▸ DATA RECORDS
====

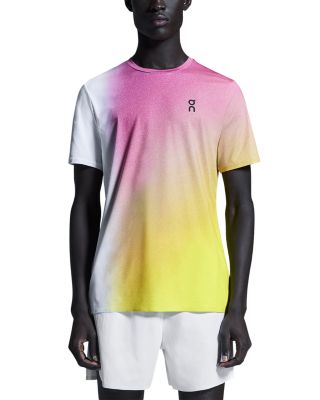 On - Court Crewneck Logo Tee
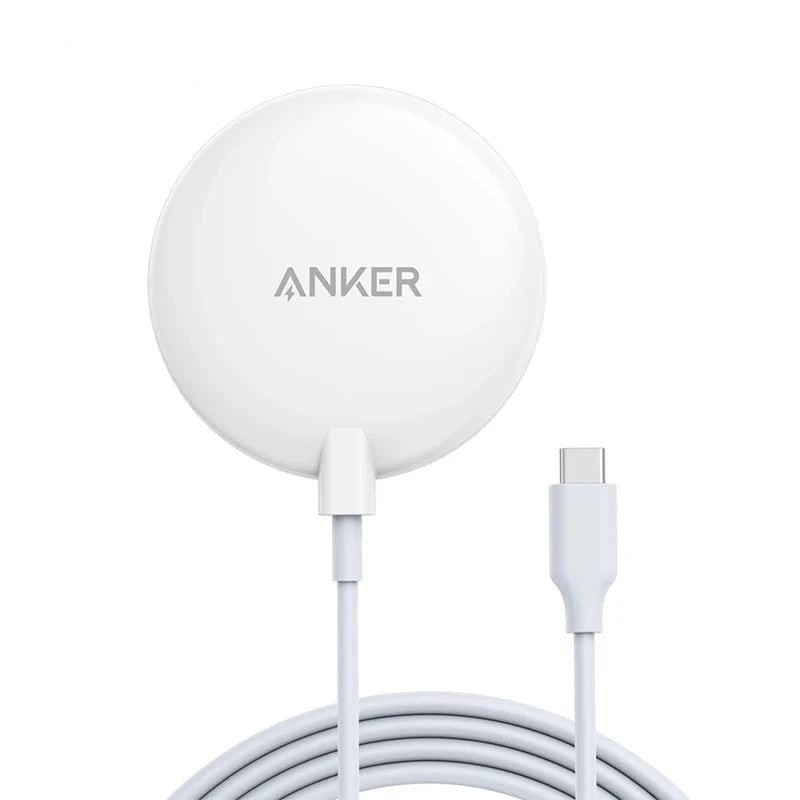 PowerWave Anker 313 Magnetic Wireless Charger USB - C Cable - Supersell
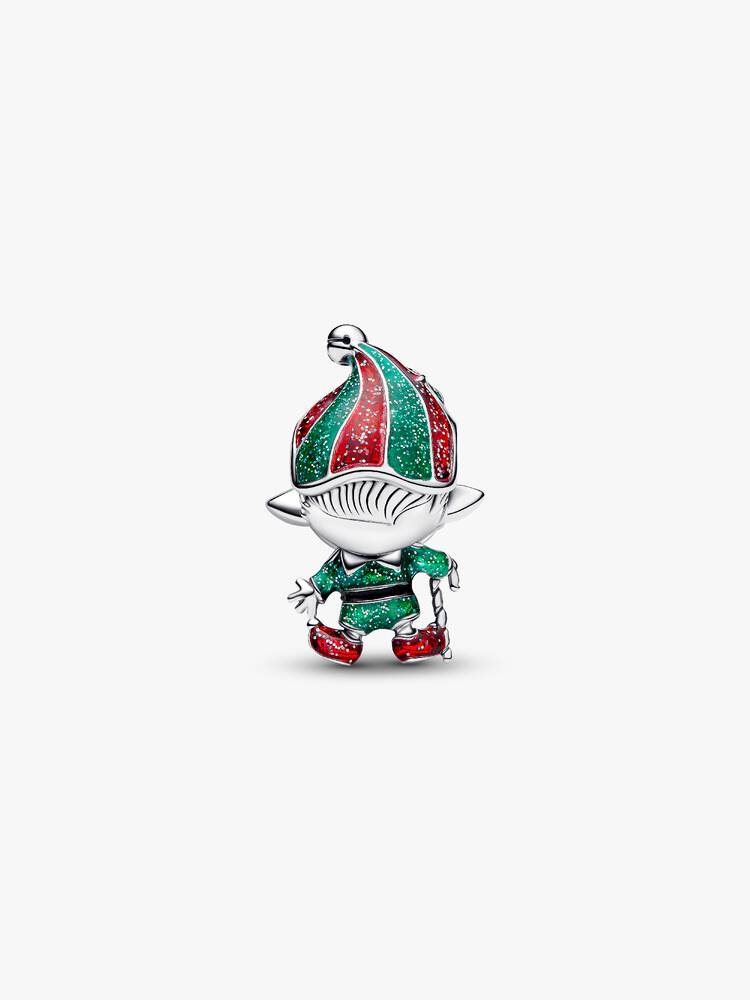Pandora Silver Moveable Elf Charm - Image 2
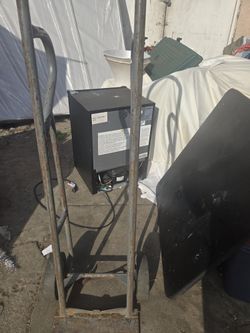 Tall Dolly  Rubber Wheels  Not Free Make Offer 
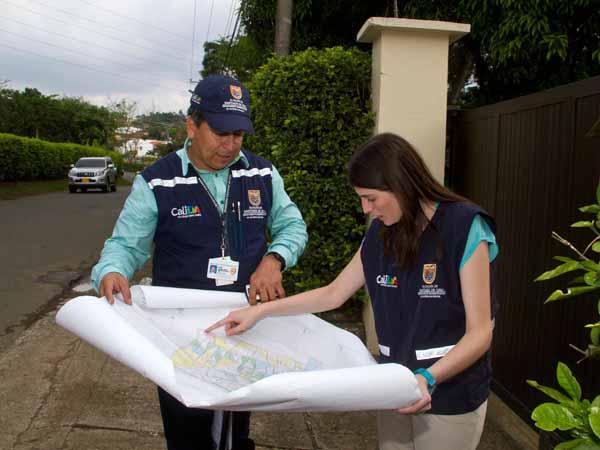 La directora de Hacienda acompa�� reconocimiento en la Comuna 22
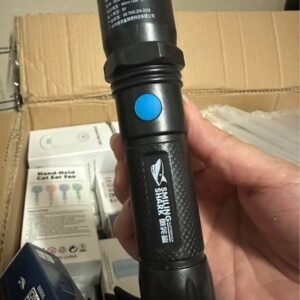 Rechargeable LED Flashlight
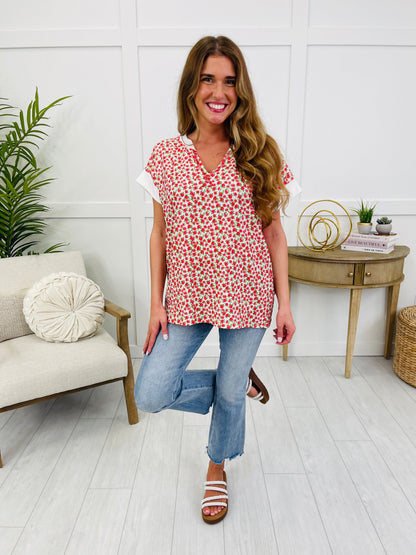 Blooming Sweetness Top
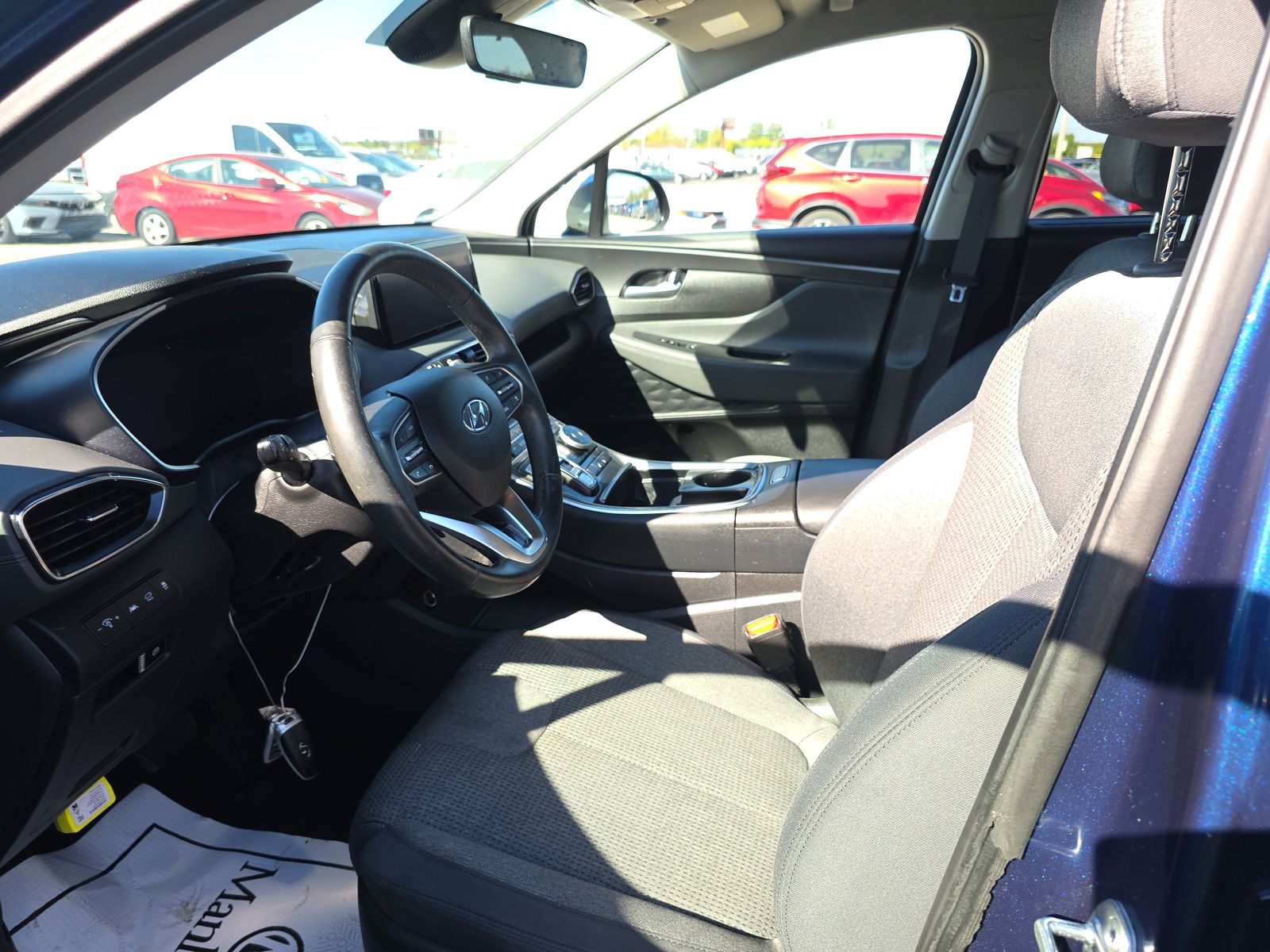 2023 Hyundai Santa Fe Hybrid Blue AWD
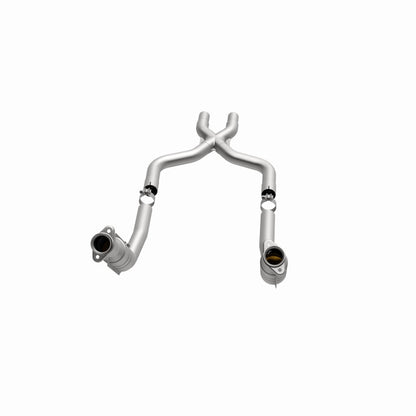 MagnaFlow Ford Mustang OEM Grade Federal / EPA Compliant Direct-Fit Catalytic Converter 49977 360 Degree Image Set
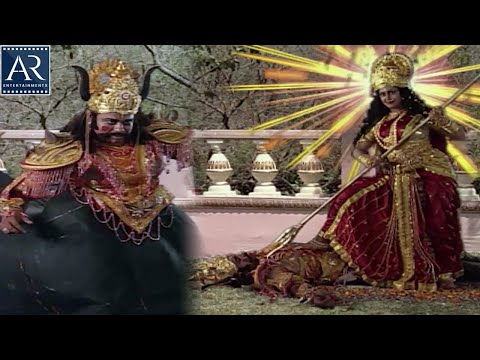 महिषासुर वध संपूर्ण कथा | माँ शेरवाली ने कैसे किया महिषासुर का वध | महिषासुर मर्दिनी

====

▸ AIM OF THE TASK
Reproduce the data in full. Do not carry over any picture.

▸ ANSWER TO THIS TASK
 On - Court Crewneck Logo Tee
 PowerWave Anker 313 Magnetic Wireless Charger USB - C Cable - Supersell
Pandora Silver Moveable Elf Charm - Image 2
 Tall Dolly  Rubber Wheels  Not Free Make Offer 
 La directora de Hacienda acompa�� reconocimiento en la Comuna 22
 Rechargeable LED Flashlight
 Blooming Sweetness Top
 2023 Hyundai Santa Fe Hybrid Blue AWD
 MagnaFlow Ford Mustang OEM Grade Federal / EPA Compliant Direct-Fit Catalytic Converter 49977 360 Degree Image Set
 महिषासुर वध संपूर्ण कथा | माँ शेरवाली ने कैसे किया महिषासुर का वध | महिषासुर मर्दिनी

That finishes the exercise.